KPI calculated even if too little data supplied
arurke opened this issue · comments
This might be an issue in TriScale, or me misunderstanding a use-case.
TL;DR: analysis_kpi()
returns a valid value when too few data-points supplied - if the "unintuitive" bound is selected (upper for percentile < 50, and vice versa).
Background: The intuitive way to calculate a KPI is to specify a bound which gives us the "worst case" (upper when percentile > 50, and vice versa). This allows us to make the "performance is at least X"-statements. However, I was thinking there was information in the other bound as well. This would show the width of the CI, and we could learn if the given metric varies a lot between runs. The first example coming to mind is industrial scenarios, where not only the maximum latency is interesting, but also its variability.

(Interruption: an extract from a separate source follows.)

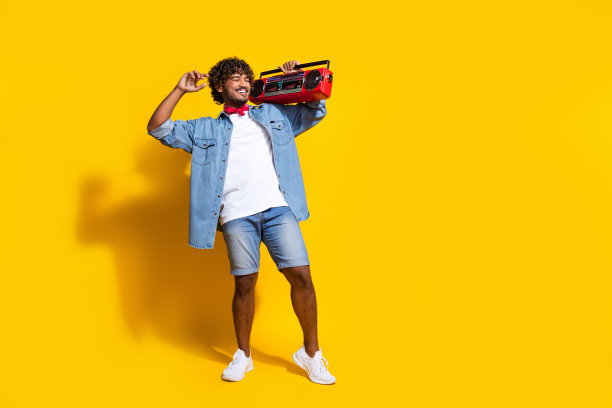 漂亮的年轻男性的全尺寸照片拿着立体声音箱迪斯科舞厅穿着时尚的牛仔服装红色围巾孤立的黄色背景图片下载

With this background I was routinely calling analysis_kpi()
twice, once with bound set to upper and another with lower. Doing this I noticed I would be getting a valid value when the "unintuitive" bound was selected (upper for percentile < 50, and vice versa), even if I had too little data.
Example with too little data:
import triscale as triscale
import numpy as np
data = np.random.randint(0, 10, size=(5))

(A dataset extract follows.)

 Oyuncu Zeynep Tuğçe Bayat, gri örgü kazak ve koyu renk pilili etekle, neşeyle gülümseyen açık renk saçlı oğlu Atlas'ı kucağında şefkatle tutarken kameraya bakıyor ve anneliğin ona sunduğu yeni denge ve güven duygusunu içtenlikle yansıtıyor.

settings = {"bound": "lower", "percentile": 99,
"confidence": 95, "bounds": [min(data), max(data)]}
independent, kpi = triscale.analysis_kpi(
data,
settings,
verbose=False)
print("KPI: " + str(kpi))
With bound set to "upper", the KPI correctly returns NaN. With bound set to "lower", a number is returned.

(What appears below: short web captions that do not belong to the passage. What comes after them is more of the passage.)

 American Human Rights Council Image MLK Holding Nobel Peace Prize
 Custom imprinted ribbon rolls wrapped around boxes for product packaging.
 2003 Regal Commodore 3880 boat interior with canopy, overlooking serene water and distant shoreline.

Sorry for the delay! I have been quite busy recently.
TL;DR: Everything works as expected AFAIU
The number of data points you need depends on the bound (upper/lower) that you pick, for a given percentile (except for the median, of course). To understand why let's keep your example. P=99, C=95.
- When we compute the "upper" CI for that percentile, what we are actually doing is checking whether we have one data point that has at least 95% probability to be larger than the 99th percentile. This requires more than 5 samples, so the method returns NaN.
- If one computes the "lower" CI for the same percentile, we check whether we have one data point that has at least 95% probability to be smaller than the 99th percentile. And that's easy because most samples (99% of them) are expected to be smaller than the 99th percentile. So one needs very few samples.
Side-note
If you are interested in the variability of a given KPI, you might want to look at thetwo-sided
option. In short, it spares you the calling of the method twice (plus, you are sure that you have 95% confidence of the percentile to be between the two bounds returned).
Thanks a lot for a very detailed and enlightening explanation. It makes very much sense. I tunnel-visioned, assuming they had the same requirements. Regarding the side-note: You mean in analysis_kpi()
? It forces one-sided as per master now. But I do see there seems to be support for it in ThompsonCI()
- is this ready to be utilized?
Sorry for the delay! I have been quite busy recently.
No need to apologize, I am grateful for you taking the time!
Ah yes, you're right. You'll need to go back to the ThompsonCI()
function to get access to the two-sided option (or you just overwrite the TriScale function to allow that option).
The two-sided option is reliable. JSYK, I've opened a PR ages ago to include this ThompsonCI()
function into scipy but never got around to finish it... which is a shame but you know... life. :-/
I looked and played a bit with the two-sided option. I modified analysis_kpi()
to basically call ThompsonCI()
directly, and give me the lower- and upper-bound it calculates. I then call it with 1000 data-points, and varying the class and percentile, example:
data = np.random.randint(1,10,size=(1000))
settings = {"bound": "lower", "percentile": 90,
"confidence": 95, "bounds": [min(data), max(data)],
"class":"two-sided"}
The lower- and upper-bounds I get is as follows:
- "one-sided":
- 90p: 883 - 915. # With 95c, the true 90p is between index 883 and 915.
- 10p: 84 - 116. # With 95c, the true 10p is between index 84 and 116.
- "two-sided":
- 90p: 84 - 915. # With 95c, 90 % of the data is between index 84 and 915
- 10p: 84 - 915. # With 95c, 10 % of the data is between index 84 and 915?!
I am struggling to combine my understanding of CIs and "bounds", the terms in Triscale, and the data I am seeing. I was conflicted, so I added some statements behinds the bounds - I was hoping I could ask you to comment, clarify, confirm?